Mirna Funk fährt mit dem Zug

von 
Essay
zuerst erschienen am 19. September 2015 auf Welt Online

Ich sitze im Moment sehr viel in Zügen. Durchschnittlich vier Stunden am Tag. Und mit diesen Zügen reise ich durch die Schweiz. Ich habe einen Job als freie Autorin übernommen und interviewe Schweizer Hotelgrößen. Dafür bin ich nicht nur in Zügen, sondern auch jede Nacht an einem anderen Ort. Eine Woche lang. Wenn ich also von Lugano nach Lausanne und von Lausanne nach Zürich und von Zürich nach Arosa fahre, schaue ich sehr viel aus dem Fenster und denke nach, und ab und zu klicke ich noch auf Amazon, um das Verkaufsranking meines Romans Winternähe zu checken. Im Buch geht es um eine deutsche Jüdin, die in Berlin Antisemitismus erlebt und daraufhin nach Tel Aviv geht. Dort tobt aber der Gaza-Krieg – auf dem Boden und in den sozialen Netzwerken.

Es fühlt sich an, als sei es eine Ewigkeit her, dass das Buch erschienen ist, dabei sind es nur sieben Wochen. Damals, zur Veröffentlichung, klickte ich noch ungefähr dreißig Mal täglich auf Amazon, bis mein Mann irgendwann zu mir sagte: „So geht das nicht. Nur zweimal am Tag. Morgens und abends. Okay?“ Und ich antwortete „Okay!“

Letztens lagen wir im Bett, mein Kopf auf seiner Brust, und ich erklärte ihm, wie viel schrecklicher das jetzt alles wäre, wenn es ihn nicht gäbe. Weil irgendwie ist das alles natürlich furchtbar schrecklich. Selbstverständlich neben all den furchtbar schönen Dingen. Schrecklich ist, wie im Zusammenhang mit dem Roman so selten Fragen gestellt wurden, ob in den Medien, oder in den Gesprächen, die ich hatte. Dabei geht es im ganzen Buch darum, erst einmal Fragen zu stellen, bevor man sich eine Meinung bildet.

Es gibt dieses dringende Bedürfnis, doch auch mal was zum Thema Antisemitismus oder dem Israel-Palästina-Konflikt zu sagen. Und man muss diese Dringlichkeit ununterbrochen, dafür aber anonym als Kommentar unter Online-Artikeln über Israel entladen. Oder, wenn Didi Hallervorden einen selten dämlichen Post auf seiner Facebook-Wall schreibt, obwohl er vor wenigen Tagen noch als KZ-Überlebender in einer gefeierten TV-Produktion auftauchte. Oder eben, wenn man eine echte Deutsche mit jüdischen Wurzeln vor sich hat, die einfach behauptet, es gäbe Antisemitismus in diesem Land, und die Deutschen dürften Israel nicht kritisieren.
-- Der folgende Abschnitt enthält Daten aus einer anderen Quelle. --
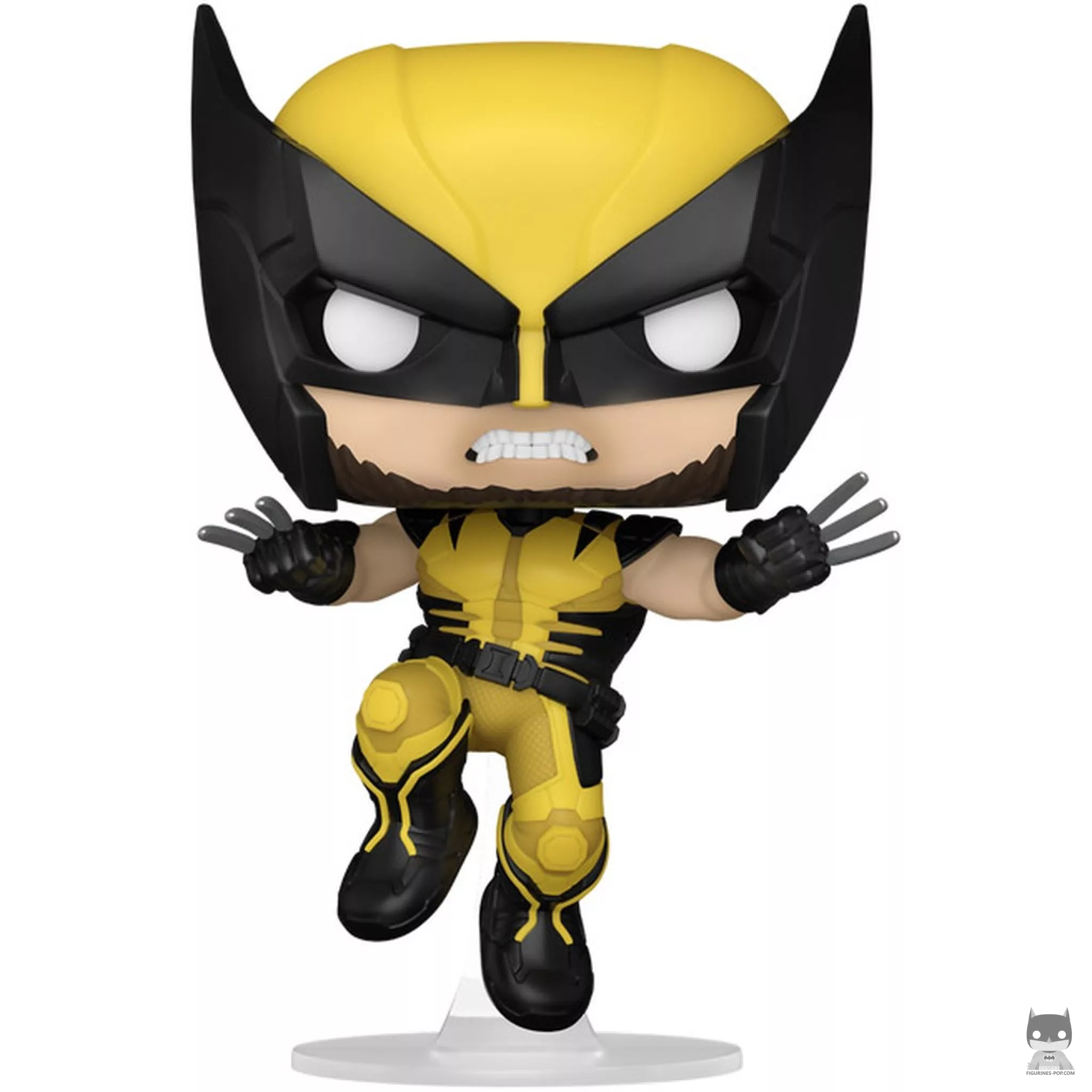 Figura Funko Pop! Lobezno (Traje Battle Reborn) (Marvel Comics)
Viele von diesen sonst so anonymen Meinungsträgern wurden in den letzten sieben Wochen sichtbar für mich. In your face, Frau Funk. Mit hochrotem Kopf saßen sie da oft vor mir oder sagten in E-Mails: „Warum darf ich als Deutscher denn Israel nicht kritisieren? Ist das nicht gerade meine Verantwortung? Als Deutscher?“ Und, wenn ich dann antwortete, sehr ruhig und sehr blass: „Die einzige Verantwortung, die man als Deutscher hat, ist eine den Palästinensern gegenüber, schließlich ist man an deren Schicksal nicht ganz unbeteiligt. Oder: Ich besuche Israel seit zwanzig Jahren, würde mir aber nicht herausnehmen, die Situation dort zu kritisieren, weil sie eindeutig zu komplex ist“, dann wurde der Kopf noch röter, diesmal aber aus Scham. Und dann wurden sie wieder ganz still und kleinlaut und entluden ihre Meinung lieber anonym unter einem Hallervorden-Facebook-Post, als in einen Dialog zu treten.

Zu oft erschien ein Interview mit mir in den letzten sieben Wochen, und das große, offizielle Schweigen ging weiter, während inoffiziell laut gebrabbelt wurde. Wie als würde eine verspiegelte Murmel über einen Tisch rollen, eine schwere, laute Murmel, die die Gesichter der Anwesenden reflektiert, und alle atmen extrem kräftig und so unauffällig wie möglich in Richtung Murmel aus, damit diese Scheißmurmel auch ja vom Tisch kullert und ruckzuck unter einer Bank oder einem Stuhl verschwindet, damit man ungestört weiter brabbeln kann.